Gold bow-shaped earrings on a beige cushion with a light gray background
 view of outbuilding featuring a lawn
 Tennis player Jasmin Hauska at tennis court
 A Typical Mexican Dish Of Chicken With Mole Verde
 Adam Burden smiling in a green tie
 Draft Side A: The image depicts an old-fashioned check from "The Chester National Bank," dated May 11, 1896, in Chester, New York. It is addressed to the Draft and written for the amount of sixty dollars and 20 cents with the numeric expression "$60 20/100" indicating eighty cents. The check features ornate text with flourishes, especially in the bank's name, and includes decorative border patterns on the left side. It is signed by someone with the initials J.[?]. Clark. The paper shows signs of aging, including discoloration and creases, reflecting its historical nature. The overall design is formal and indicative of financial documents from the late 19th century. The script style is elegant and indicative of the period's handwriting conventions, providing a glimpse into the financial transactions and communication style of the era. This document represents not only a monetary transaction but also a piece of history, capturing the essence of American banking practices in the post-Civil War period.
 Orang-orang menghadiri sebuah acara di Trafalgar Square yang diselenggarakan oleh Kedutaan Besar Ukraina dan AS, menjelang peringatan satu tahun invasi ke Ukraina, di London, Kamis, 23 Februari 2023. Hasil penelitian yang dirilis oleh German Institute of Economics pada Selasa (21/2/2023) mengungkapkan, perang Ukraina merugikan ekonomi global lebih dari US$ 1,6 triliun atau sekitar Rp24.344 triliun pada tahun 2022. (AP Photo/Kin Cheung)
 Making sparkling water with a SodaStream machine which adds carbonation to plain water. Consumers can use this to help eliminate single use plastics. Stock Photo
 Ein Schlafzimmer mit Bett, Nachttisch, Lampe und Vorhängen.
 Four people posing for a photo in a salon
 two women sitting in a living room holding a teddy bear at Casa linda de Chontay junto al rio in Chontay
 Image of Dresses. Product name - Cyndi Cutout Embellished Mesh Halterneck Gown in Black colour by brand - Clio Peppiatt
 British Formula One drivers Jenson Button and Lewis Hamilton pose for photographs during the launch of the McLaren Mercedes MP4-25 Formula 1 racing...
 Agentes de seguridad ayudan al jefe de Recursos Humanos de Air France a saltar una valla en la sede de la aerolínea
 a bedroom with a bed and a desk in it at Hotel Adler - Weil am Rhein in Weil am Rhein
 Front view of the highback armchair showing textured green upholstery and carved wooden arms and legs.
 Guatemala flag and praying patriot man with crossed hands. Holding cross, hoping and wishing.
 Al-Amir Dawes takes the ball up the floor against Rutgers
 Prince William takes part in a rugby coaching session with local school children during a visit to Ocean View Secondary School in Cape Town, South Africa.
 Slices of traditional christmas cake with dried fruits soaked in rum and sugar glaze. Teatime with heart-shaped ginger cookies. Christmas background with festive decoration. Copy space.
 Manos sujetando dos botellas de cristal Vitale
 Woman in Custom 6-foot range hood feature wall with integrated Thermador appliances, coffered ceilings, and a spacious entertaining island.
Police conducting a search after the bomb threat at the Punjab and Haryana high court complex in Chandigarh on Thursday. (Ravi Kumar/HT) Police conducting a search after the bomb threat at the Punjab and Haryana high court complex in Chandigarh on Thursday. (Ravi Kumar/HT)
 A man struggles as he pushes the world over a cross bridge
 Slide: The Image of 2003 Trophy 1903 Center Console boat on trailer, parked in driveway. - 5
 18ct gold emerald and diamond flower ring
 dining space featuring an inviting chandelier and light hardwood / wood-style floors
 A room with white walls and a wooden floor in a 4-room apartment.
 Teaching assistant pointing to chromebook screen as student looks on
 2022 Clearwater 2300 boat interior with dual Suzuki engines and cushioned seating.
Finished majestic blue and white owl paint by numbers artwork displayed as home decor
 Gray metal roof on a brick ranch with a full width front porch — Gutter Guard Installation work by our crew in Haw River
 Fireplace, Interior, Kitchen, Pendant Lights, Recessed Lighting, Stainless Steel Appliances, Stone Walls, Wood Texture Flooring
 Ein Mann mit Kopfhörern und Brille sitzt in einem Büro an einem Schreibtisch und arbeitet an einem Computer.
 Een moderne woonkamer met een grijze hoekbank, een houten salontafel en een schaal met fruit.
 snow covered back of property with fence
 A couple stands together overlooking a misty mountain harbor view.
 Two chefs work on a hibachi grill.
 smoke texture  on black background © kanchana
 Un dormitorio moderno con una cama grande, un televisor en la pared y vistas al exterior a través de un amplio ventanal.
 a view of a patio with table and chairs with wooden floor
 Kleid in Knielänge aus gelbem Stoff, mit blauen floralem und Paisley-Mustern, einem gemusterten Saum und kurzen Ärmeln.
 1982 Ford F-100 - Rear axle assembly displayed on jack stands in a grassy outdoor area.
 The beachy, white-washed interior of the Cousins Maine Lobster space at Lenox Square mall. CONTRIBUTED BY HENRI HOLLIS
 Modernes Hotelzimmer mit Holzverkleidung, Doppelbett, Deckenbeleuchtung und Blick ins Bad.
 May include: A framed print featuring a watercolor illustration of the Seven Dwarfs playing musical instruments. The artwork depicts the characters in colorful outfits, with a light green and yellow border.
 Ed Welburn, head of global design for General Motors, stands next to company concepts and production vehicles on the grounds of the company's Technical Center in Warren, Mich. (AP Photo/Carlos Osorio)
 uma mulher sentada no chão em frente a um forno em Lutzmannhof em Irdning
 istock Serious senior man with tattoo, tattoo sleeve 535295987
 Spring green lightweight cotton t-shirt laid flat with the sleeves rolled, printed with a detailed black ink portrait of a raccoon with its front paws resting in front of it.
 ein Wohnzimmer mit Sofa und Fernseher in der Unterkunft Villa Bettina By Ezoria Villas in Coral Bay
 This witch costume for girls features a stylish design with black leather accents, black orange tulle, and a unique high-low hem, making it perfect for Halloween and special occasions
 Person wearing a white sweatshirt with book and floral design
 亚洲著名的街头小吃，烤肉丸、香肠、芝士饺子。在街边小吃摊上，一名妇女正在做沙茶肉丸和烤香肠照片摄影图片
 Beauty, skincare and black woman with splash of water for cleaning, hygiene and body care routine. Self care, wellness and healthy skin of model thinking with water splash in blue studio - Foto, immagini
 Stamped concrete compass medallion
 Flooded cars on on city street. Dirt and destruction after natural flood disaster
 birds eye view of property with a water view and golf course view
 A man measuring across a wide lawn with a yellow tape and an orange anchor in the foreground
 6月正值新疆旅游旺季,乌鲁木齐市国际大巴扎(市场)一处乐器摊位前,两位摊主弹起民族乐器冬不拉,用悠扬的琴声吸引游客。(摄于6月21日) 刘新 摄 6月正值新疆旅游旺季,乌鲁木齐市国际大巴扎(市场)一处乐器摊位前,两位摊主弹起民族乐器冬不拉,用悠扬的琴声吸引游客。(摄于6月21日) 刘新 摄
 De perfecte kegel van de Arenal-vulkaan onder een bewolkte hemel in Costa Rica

• [Task]: Starting at the line that contains "Al-Amir Dawes takes" and stopping after the line that contains "dining space featuring", write out every line exactly as it appears above, and no other line.

• [Completed exercise]:
 Al-Amir Dawes takes the ball up the floor against Rutgers
 Prince William takes part in a rugby coaching session with local school children during a visit to Ocean View Secondary School in Cape Town, South Africa.
 Slices of traditional christmas cake with dried fruits soaked in rum and sugar glaze. Teatime with heart-shaped ginger cookies. Christmas background with festive decoration. Copy space.
 Manos sujetando dos botellas de cristal Vitale
 Woman in Custom 6-foot range hood feature wall with integrated Thermador appliances, coffered ceilings, and a spacious entertaining island.
Police conducting a search after the bomb threat at the Punjab and Haryana high court complex in Chandigarh on Thursday. (Ravi Kumar/HT) Police conducting a search after the bomb threat at the Punjab and Haryana high court complex in Chandigarh on Thursday. (Ravi Kumar/HT)
 A man struggles as he pushes the world over a cross bridge
 Slide: The Image of 2003 Trophy 1903 Center Console boat on trailer, parked in driveway. - 5
 18ct gold emerald and diamond flower ring
 dining space featuring an inviting chandelier and light hardwood / wood-style floors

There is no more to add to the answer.